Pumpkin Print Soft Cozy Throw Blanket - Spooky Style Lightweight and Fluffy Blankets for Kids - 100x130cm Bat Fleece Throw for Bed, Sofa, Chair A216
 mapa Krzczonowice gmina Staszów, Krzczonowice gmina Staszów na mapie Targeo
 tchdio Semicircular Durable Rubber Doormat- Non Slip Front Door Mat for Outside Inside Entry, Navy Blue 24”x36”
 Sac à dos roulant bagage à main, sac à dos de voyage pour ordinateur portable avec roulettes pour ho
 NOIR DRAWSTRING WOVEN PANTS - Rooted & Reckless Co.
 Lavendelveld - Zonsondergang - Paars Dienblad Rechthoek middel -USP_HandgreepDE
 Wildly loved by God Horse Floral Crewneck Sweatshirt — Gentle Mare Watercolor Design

**Task description**
Every entry is to be transcribed exactly as it stands.

**Result of the exercise**
Pumpkin Print Soft Cozy Throw Blanket - Spooky Style Lightweight and Fluffy Blankets for Kids - 100x130cm Bat Fleece Throw for Bed, Sofa, Chair A216
 mapa Krzczonowice gmina Staszów, Krzczonowice gmina Staszów na mapie Targeo
 tchdio Semicircular Durable Rubber Doormat- Non Slip Front Door Mat for Outside Inside Entry, Navy Blue 24”x36”
 Sac à dos roulant bagage à main, sac à dos de voyage pour ordinateur portable avec roulettes pour ho
 NOIR DRAWSTRING WOVEN PANTS - Rooted & Reckless Co.
 Lavendelveld - Zonsondergang - Paars Dienblad Rechthoek middel -USP_HandgreepDE
 Wildly loved by God Horse Floral Crewneck Sweatshirt — Gentle Mare Watercolor Design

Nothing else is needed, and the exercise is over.